Y aunque Antoine Roquetin ya expresó como nadie el concepto metafísico que le provocaba la náusea aplicada a los seres y las cosas carentes de necesidad lógica, voy a insistir en ello, trasladando mi náusea a las malolientes defecaciones políticas de un tal William Jefferson Clinton (a riesgo de sufrir la reprimenda de TRN, a quien prometí no escribir sobre política).
Y así, qué quieres que te diga, la náusea me provoca una vergüenza inconmensurable y eleva sin parar mis cotas de adrenalina que (por muy levógira y cristalizable que sea) provoca en mi cerebro una especie de aturdimiento abochornado, cabreado y confuso, de modo que me avergüenzo, ahora mismo, de ser occidental, europeo y libre.
No es para menos. El ataque a Irak está siendo retransmitido en directo por todas las cadenas del mundo con la frialdad informativa de que suelen hacer gala los profesionales del medio. Y lo reiteran y lo repiten y lo recalcan y lo reproducen con esa insistencia casi veleidosa con que hasta hace poco retransmitían el glorioso gol de Raúl en Tokio. Y van los aliados y se jactan de arrasar Irak sin sufrir ni una baja. Y van y se cargan civiles, mujeres y niños con la frialdad esquizofrénica con que se hace desaparecer la plaga de cochinilla en las higueras de mi pueblo.

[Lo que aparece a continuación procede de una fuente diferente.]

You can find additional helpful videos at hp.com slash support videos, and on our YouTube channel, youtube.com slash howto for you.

Pretende, además, justificar el tal Clinton su ataque a Irak en el hecho de que Sadam es un desobediente porque se salta a la torera las resoluciones de las Naciones Unidas. Y digo yo que quién es el tal Clinton para llamar al orden a nadie, ni para echar reprimendas políticas, ni para exigir que se cumplan las resoluciones de la ONU (que pinta ya menos que Tarzán en pijama), máxime cuando el mismo Clinton ordena el ataque por su cuenta, sin esperar a que la ONU lo ‘resolucione’. Ah, pero es que Sadam posee un ingente arsenal de poderosas, horrorosas, pavorosas y destructivas armas químicas y hay que destruir ese arsenal para salvaguardar la integridad de Occidente.

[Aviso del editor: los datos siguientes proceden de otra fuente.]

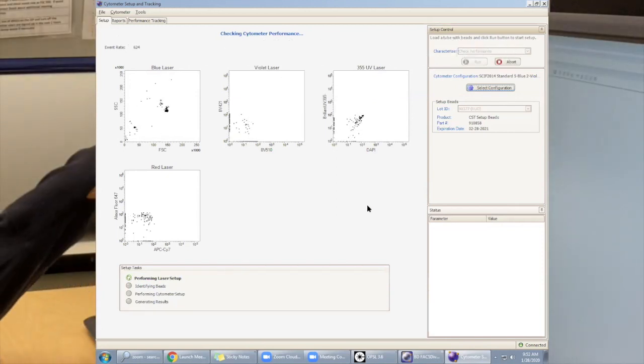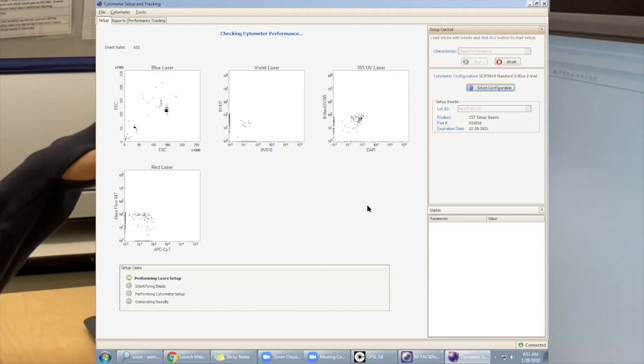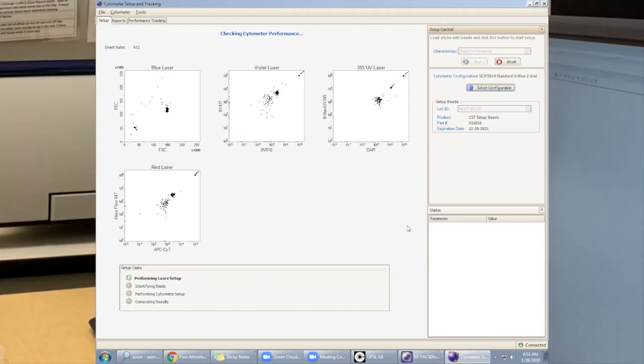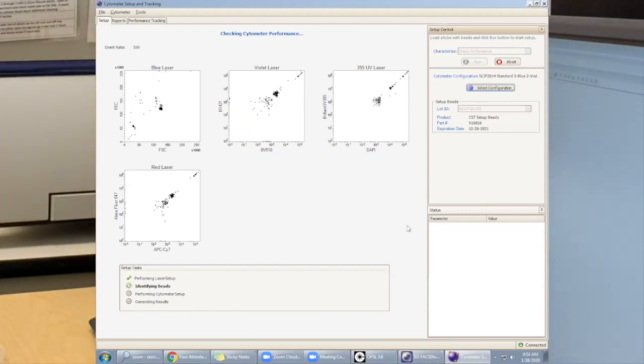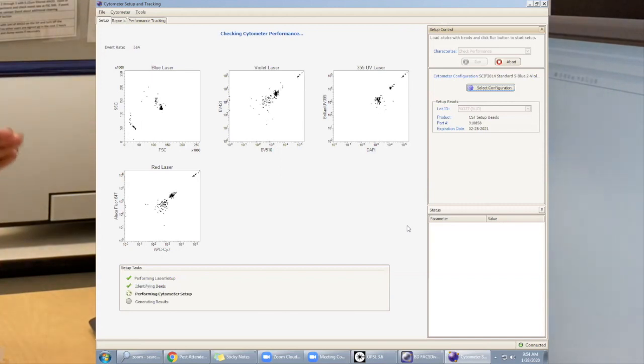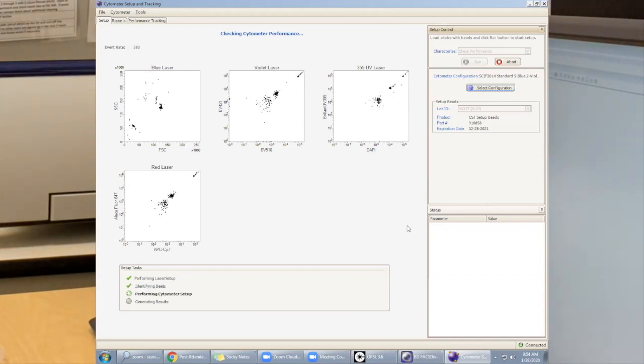This is what a normal CST should look like. The machine has just found the beads and it's going to go over the set of tasks until it is done with the results.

Ay, amigo, échate a correr. Corre deprisa, deprisa, corre cuando oigas exponer (y poner en práctica) ese concepto mesiánico de la salvación. Corre y líbrate, si puedes, de sus consecuencias. Para echarse a temblar. Franco quiso salvar al personal de las garras de los dragones y, como un Excalibur cualquiera, les cortó las cabezas para que no volvieran a insuflar llamaradas maléficas. Pinochet quiso salvar al personal de los ataques de los monstruos democráticos y no se le ocurrió otra cosa que aniquilar alevosamente la cabeza del monstruo.

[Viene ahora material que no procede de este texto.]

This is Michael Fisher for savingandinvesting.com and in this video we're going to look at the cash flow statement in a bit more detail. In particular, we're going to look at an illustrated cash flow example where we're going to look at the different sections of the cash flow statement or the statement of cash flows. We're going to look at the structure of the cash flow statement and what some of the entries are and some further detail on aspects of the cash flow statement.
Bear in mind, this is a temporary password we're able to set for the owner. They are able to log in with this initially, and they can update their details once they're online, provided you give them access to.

Y digo yo que si Clinton pretende llamar al orden a Sadam para salvarnos del peligro que suponen sus armas químicas, alguien habrá o debería haber que llame, a su vez, al orden al tal Clinton para que no se dedique a salvar a nadie y le obligue, en consecuencia, a destruir el ingente arsenal de poderosas, horrorosas, pavorosas y destructivas armas que poseen USA y Occidente. Porque las armas de USA y Occidente también son destructoras ¿o no? ¿O es que hemos caído en ese infantilismo casi maniqueo de pensar que ‘nuestras’ armas son buenas y las de Sadam son malas?
—Que no es eso, hombre — me dice mi tío Eufrasio—. Que no te enteras. Que el Clinton ha ordenado el ataque a Irak con otras pretensiones y que lo de la salvación de Occidente es un pretexto, vamos, un cuento USA al estilo de Poe, pero sin literatura.
Es como si me hubieran atizado de improviso un garrotazo entre las orejas. Y a pesar de recordar, como en una nebulosa, a Arthur Gordon Pym y su navegación en el terror, me veo trastrabillando, dando tropezones mentales, a punto de desplomarme en el vacío del asco.
—¿Con otras pretensiones? —me oigo decir, como de lejos.
—Sí, hombre —me dice—. Clinton ha atacado a Irak para librarse del descrédito que, en su propio país, suponen sus tres adulterios admitidos y la boca de rana de la Lewinsky. En definitiva, ha sembrado la muerte en Bagdad para evitar su destitución y proteger, cínicamente, su trasero. En este caso, su delantero.
Un ruido como de tormenta lejana me revolvió las tripas y una náusea infinita (que ya hubiera querido para sí Sartre) me provocó una vomitera torrencial y mefítica que dejó perdidos el suelo y la mesa del ordenador. Todavía ando a vueltas con la fregona.